Born a Crime is the story of a mischievous young boy who grows into a restless young man as he struggles to find himself in a world where he was never supposed to exist. It is also the story of that young man’s relationship with his fearless, rebellious, and fervently religious mother—his teammate, a woman determined to save her son from the cycle of poverty, violence, and abuse that would ultimately threaten her own life.

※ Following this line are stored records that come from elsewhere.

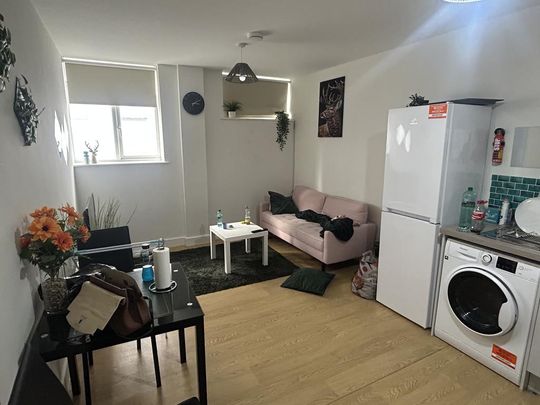 1 bedroom apartment to rent - Photo 1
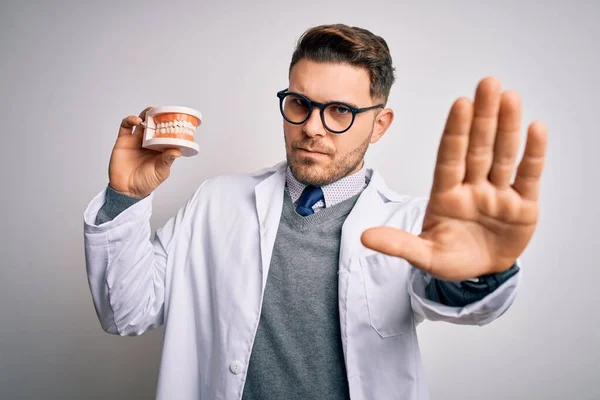 Jovem Dentista Homem Com Olhos Azuis Segurando Prótese Dentária Ortodôntica — Fotografia de Stock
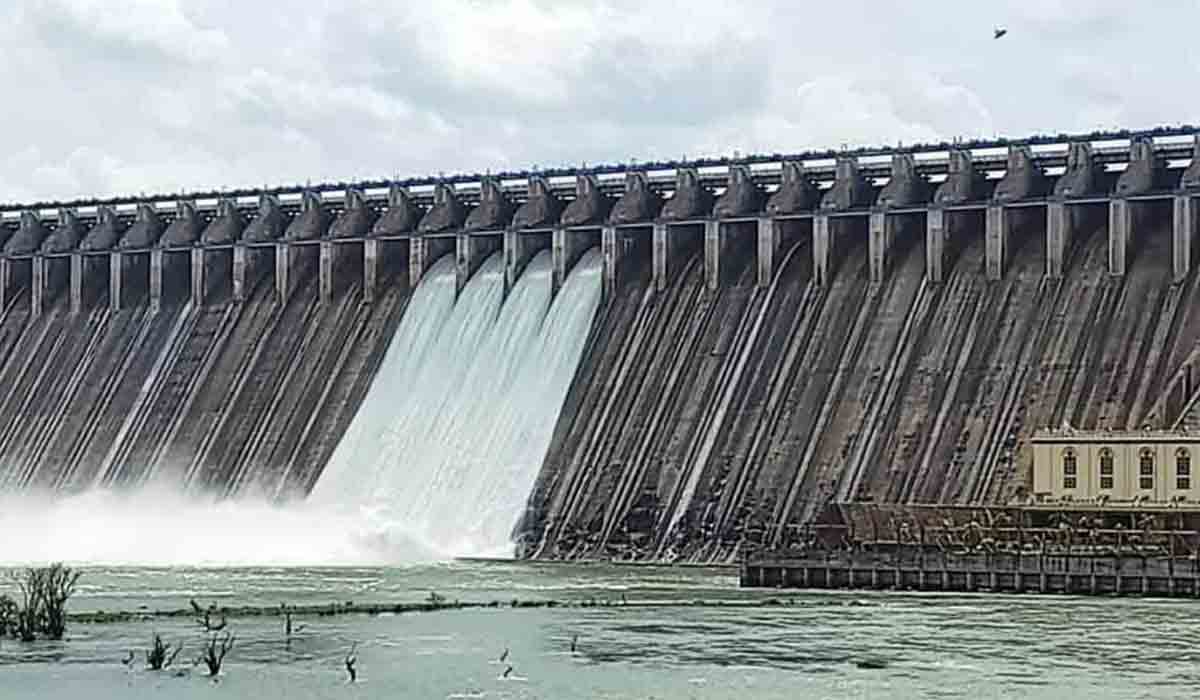 నాగార్జున సాగర్‌కు కొనసాగుతున్న వరద.. 4 క్రస్ట్‌ గేట్లు ఎత్తివేత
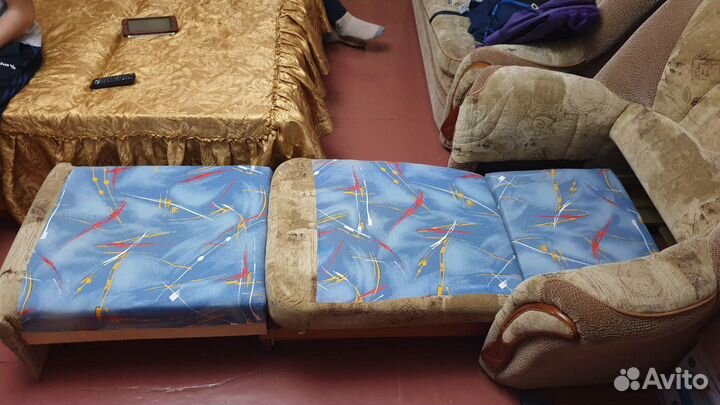 Кресло два и диван,всё раздвижные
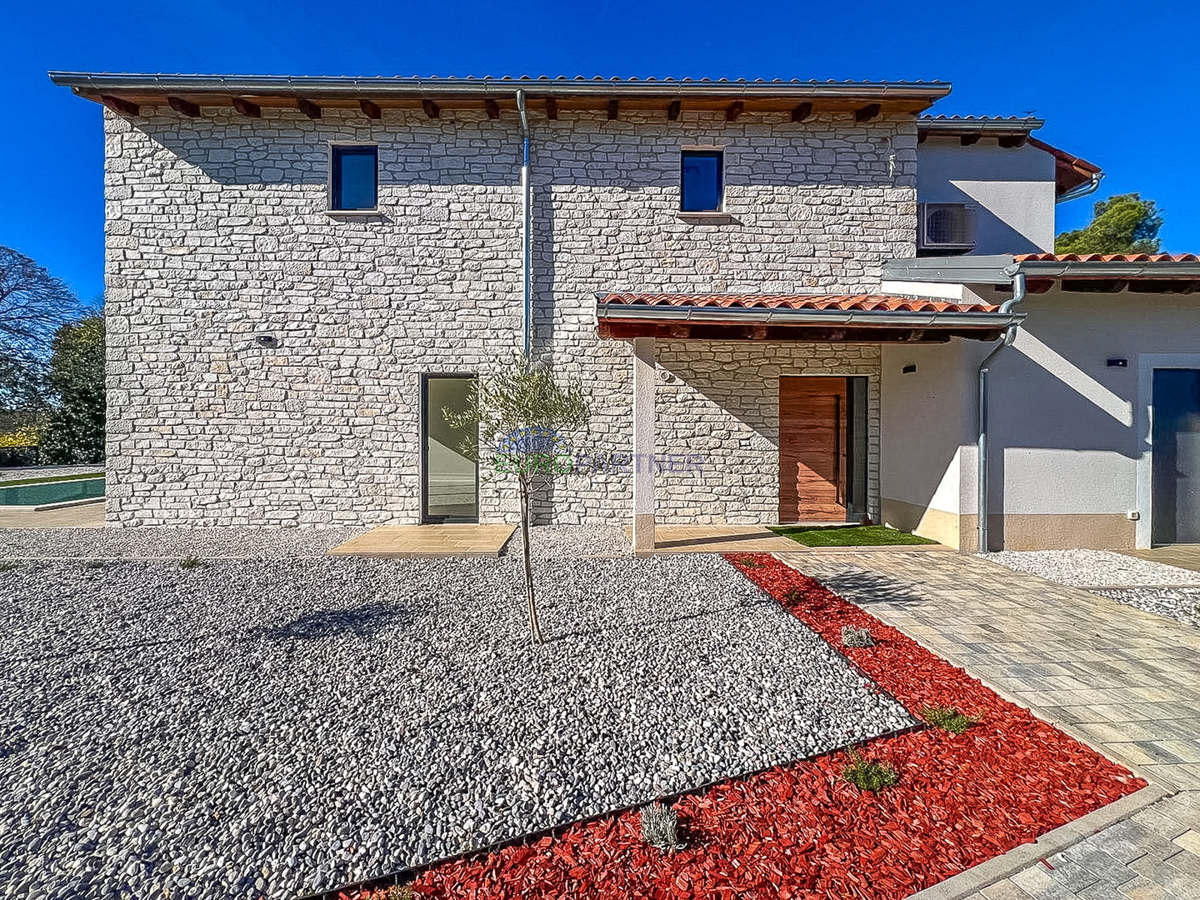 Moderna vila z bazenom, 5 km od Poreča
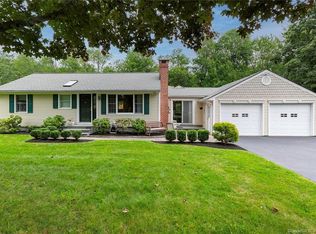 7 Floral Hts, Newtown, CT 06470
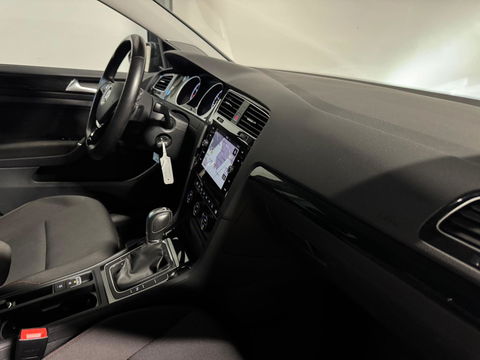 Volkswagen Golf 1.5 TSI Highline PANO CAM PDC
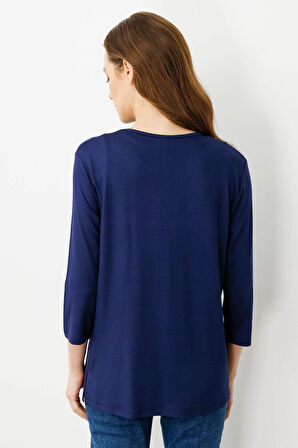 Kadın Açma Yaka Nakış İşlemeli Penye Bluz Lacivert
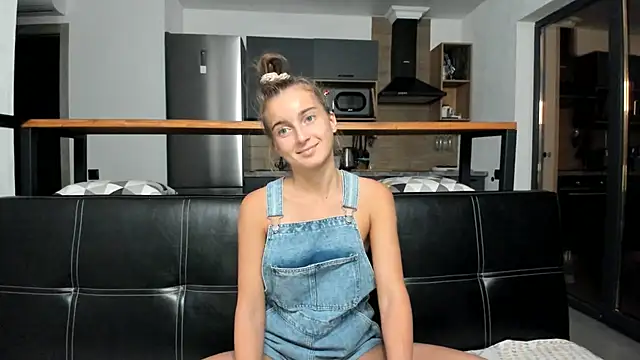 Snapshot of ElizSweet chatting on 5, 11, 2025 ElizSweet online show from 5, 11, 2025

The stories collected here are by turns hilarious, dramatic, and deeply affecting. Whether subsisting on caterpillars for dinner during hard times, being thrown from a moving car during an attempted kidnapping, or just trying to survive the life-and-death pitfalls of dating in high school, Trevor illuminates his curious world with an incisive wit and unflinching honesty. His stories weave together to form a moving and searingly funny portrait of a boy making his way through a damaged world in a dangerous time, armed only with a keen sense of humor and a mother’s unconventional, unconditional love.
APPLE BOOKS REVIEW
As the son of a black woman and a white man, The Daily Show’s Trevor Noah was an affront to South Africa's Apartheid government. But Noah's mom is a formidable figure, and the TV host’s recollections of childhood are inextricably bound to her fearless determination and sometimes crazy antics. With his trademark comedic wit, Noah navigates the heartbreaking realities of growing up in a racist regime. From caterpillars for dinner to the angst of high school dating, this unconventional coming-of-age story is as touching as it is amusing.
PUBLISHERS WEEKLY
Having thoroughly mined his South African upbringing in his standup comedy and monologues on The Daily Show, Noah here tells the whole story in this witty and revealing autobiography. Born to a black African mother and a white Swedish father, Noah violated the Immorality Act of 1927, which outlawed interracial relationships. Though apartheid ended a decade after Noah's birth, its legacy lived on in the country's nigh-inescapable ghettos and perpetual racial conflicts, continuing to affect his life as he came of age. Noah's story is the story of modern South Africa; though he enjoyed some privileges of the region's slow Westernization, his formative years were shaped by poverty, injustice, and violence. Noah is quick with a disarming joke, and he skillfully integrates the parallel narratives via interstitial asides between chapters to explain the finer details of African culture and history for the uninformed. Perhaps the most harrowing tales are those of his abusive stepfather, which form the book's final act (and which Noah cleverly foreshadows throughout earlier chapters), but equally prominent are the laugh-out-loud yarns about going to the prom, and the differences between "White Church" and "Black Church."